Commanders and leaders
- Richard Leveson William Monson: Álvaro de Bazán Federico Spinola

Strength
- 5 galleons: 1 carrack 11 galleys 1 fort

Casualties and losses
- 12 killed 30 wounded: 800 killed or wounded 1 carrack captured 2 galleys sunk

= Battle of Sesimbra Bay =

1602 battle of the Anglo-Spanish War of 1585–1604

The Battle of Sesimbra Bay was a naval engagement that took place on 3 June 1602, during the Anglo-Spanish War. It was fought off the coast of Portugal (then within the Iberian Union) between an English naval expeditionary force sent out with orders by Queen Elizabeth I to prevent any further Spanish incursions against Ireland or England itself. The English force under Richard Leveson and William Monson met a fleet of Spanish galleys and a large carrack at Sesimbra Bay commanded by Álvaro de Bazán and Federico Spinola. The English were victorious in battle, sinking two galleys, forced the rest to retreat, neutralized the fort, and captured the carrack. It was the last expedition to be sent to Spain by orders of the Queen before her death the following year.

==Background==
After the defeat of the Spanish invasion of Ireland in 1602, Queen Elizabeth I decided to fit out another fleet. Sir Richard Leveson was chosen for this command as he had defeated the Spanish under Pedro de Zubiaur at Castlehaven and successfully blockaded Kinsale from any further reinforcement later leading to the victory there early in 1602. He was to command a fleet of nine English and twelve Dutch ships, which were "to infest the Spanish coast." The Dutch ships were, however, late in joining. Leveson left his vice-admiral Sir William Monson to wait for the Dutch while he put to sea with only five ships on 19 March. Within two or three days the queen sent orders to Monson to sail at once to join his admiral, for she had word that "the silver ships had arrived at Terceira" but they had in fact arrived and left again.
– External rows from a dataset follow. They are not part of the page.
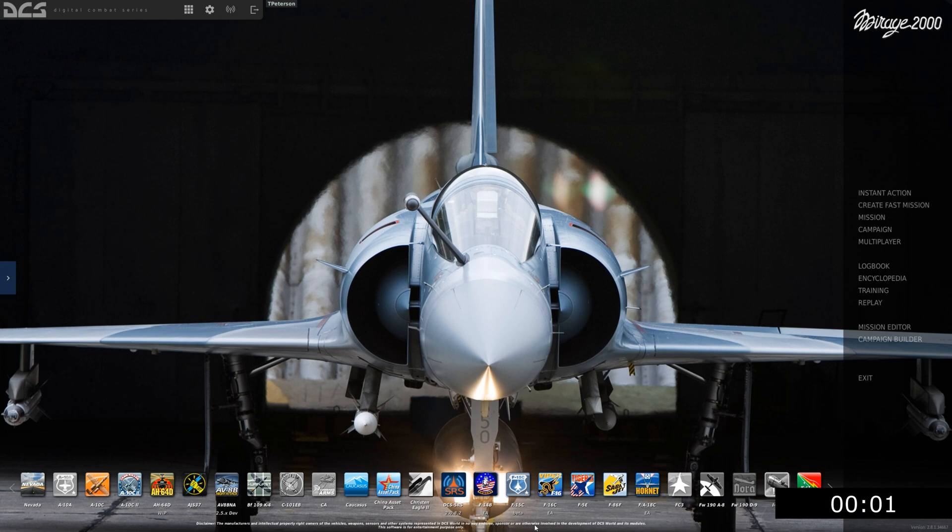Hello and welcome back to another episode of DCS in 10 minutes or less with the Mirage 2000. This is episode 7, which is going to cover our IDN instrument and radio navigation.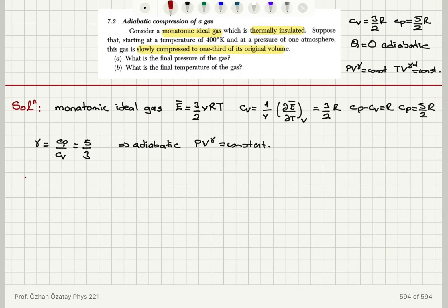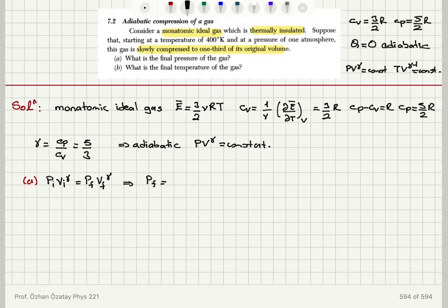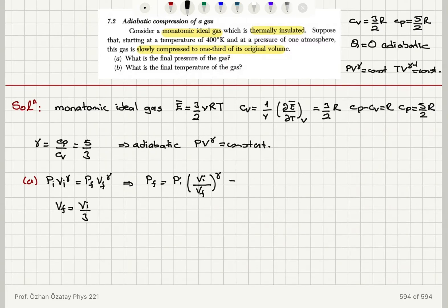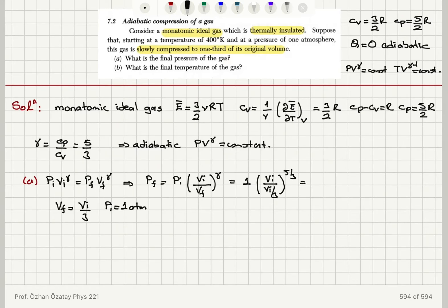To answer part A, I use P_initial × V_initial^gamma = P_final × V_final^gamma. Solving for the final pressure: P_final = P_initial × (V_initial / V_final)^gamma. Since V_final is one-third of the original volume, this becomes one atmosphere multiplied by (V_initial / (V_initial/3))^(5/3), which is 3 to the power of 5/3, giving a final pressure of 6.24 atmospheres.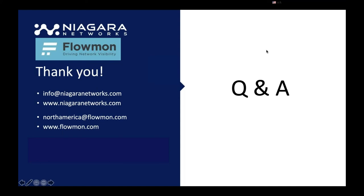I'll take that. So essentially, the platform of the Niagara Networks allows the Flowmon, but essentially it's open to any other vendor as well. So it could be a zero trust access, it could be another security tool, or maybe an NTA or as such. So the answer is yes.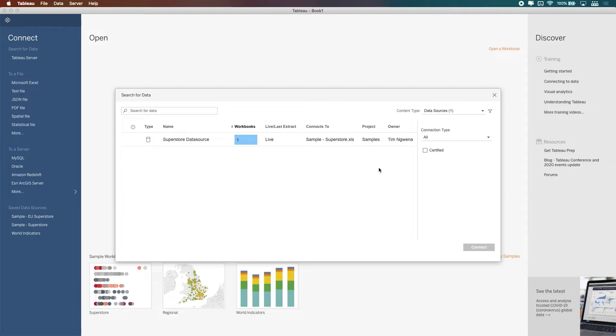But essentially, this interface works really well to speed up the ability to find those data sources, then connect to them directly inside of Tableau.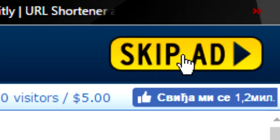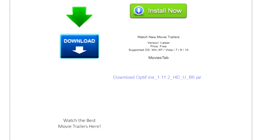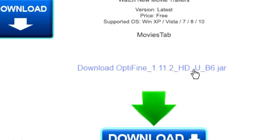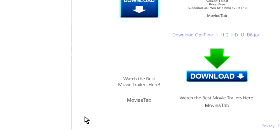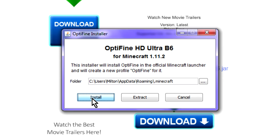Skip this ad. Click on this button. Wait for the file to download. Open it and install it.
Federico Spinola, younger brother of Ambrogio Spinola, had distinguished himself greatly as a soldier in the Army of Flanders and, in 1599, had successfully voyaged through the English Channel passing the Straits of Dover unmolested. Buoyed by this achievement he had indulged Philip III of Spain, the Duke of Lerma and Martín de Padilla in a vision of a massive galley-borne invasion of England from Flanders. However the council brought him down to a mere eight galleys, provided at Spinola's expense. He was on his way from San Lucar to Lisbon but was diverted by the Viceroy of Portugal to see to the protection of the richly-laden Portuguese carrack São Valentinho anchored in the bay at Sesimbra.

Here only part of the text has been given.